▸ **Try it**
Could you copy every line of the data that contains "Case"?

▸ **Dataset records**
•••
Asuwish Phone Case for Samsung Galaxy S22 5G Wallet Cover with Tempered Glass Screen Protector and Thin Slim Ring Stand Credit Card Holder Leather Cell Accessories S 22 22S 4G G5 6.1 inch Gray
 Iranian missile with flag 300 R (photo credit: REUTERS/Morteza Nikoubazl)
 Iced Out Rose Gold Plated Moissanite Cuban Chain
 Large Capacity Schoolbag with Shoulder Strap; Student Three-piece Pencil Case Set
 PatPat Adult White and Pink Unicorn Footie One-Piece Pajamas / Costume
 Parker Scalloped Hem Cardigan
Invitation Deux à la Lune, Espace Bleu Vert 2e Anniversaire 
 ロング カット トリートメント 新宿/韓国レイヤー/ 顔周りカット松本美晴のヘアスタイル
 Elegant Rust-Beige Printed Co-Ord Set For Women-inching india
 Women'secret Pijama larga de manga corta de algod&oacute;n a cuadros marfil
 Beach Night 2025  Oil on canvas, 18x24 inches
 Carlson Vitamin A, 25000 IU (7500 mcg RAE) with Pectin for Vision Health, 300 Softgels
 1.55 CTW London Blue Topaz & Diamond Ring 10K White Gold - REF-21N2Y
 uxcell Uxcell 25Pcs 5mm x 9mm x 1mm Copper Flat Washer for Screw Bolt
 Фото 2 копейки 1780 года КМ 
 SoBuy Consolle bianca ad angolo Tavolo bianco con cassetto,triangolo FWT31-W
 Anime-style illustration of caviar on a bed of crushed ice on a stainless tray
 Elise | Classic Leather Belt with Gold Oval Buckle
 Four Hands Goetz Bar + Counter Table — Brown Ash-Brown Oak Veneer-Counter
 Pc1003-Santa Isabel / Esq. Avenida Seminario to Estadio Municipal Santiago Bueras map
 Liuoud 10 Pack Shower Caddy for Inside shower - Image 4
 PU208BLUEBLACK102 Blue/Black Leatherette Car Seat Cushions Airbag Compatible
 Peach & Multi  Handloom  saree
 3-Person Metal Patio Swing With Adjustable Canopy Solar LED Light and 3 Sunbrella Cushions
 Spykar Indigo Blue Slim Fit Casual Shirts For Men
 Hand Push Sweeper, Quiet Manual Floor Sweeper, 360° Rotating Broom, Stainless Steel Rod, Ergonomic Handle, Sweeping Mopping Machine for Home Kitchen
•••
▸ **Your response**
Asuwish Phone Case for Samsung Galaxy S22 5G Wallet Cover with Tempered Glass Screen Protector and Thin Slim Ring Stand Credit Card Holder Leather Cell Accessories S 22 22S 4G G5 6.1 inch Gray
 Large Capacity Schoolbag with Shoulder Strap; Student Three-piece Pencil Case Set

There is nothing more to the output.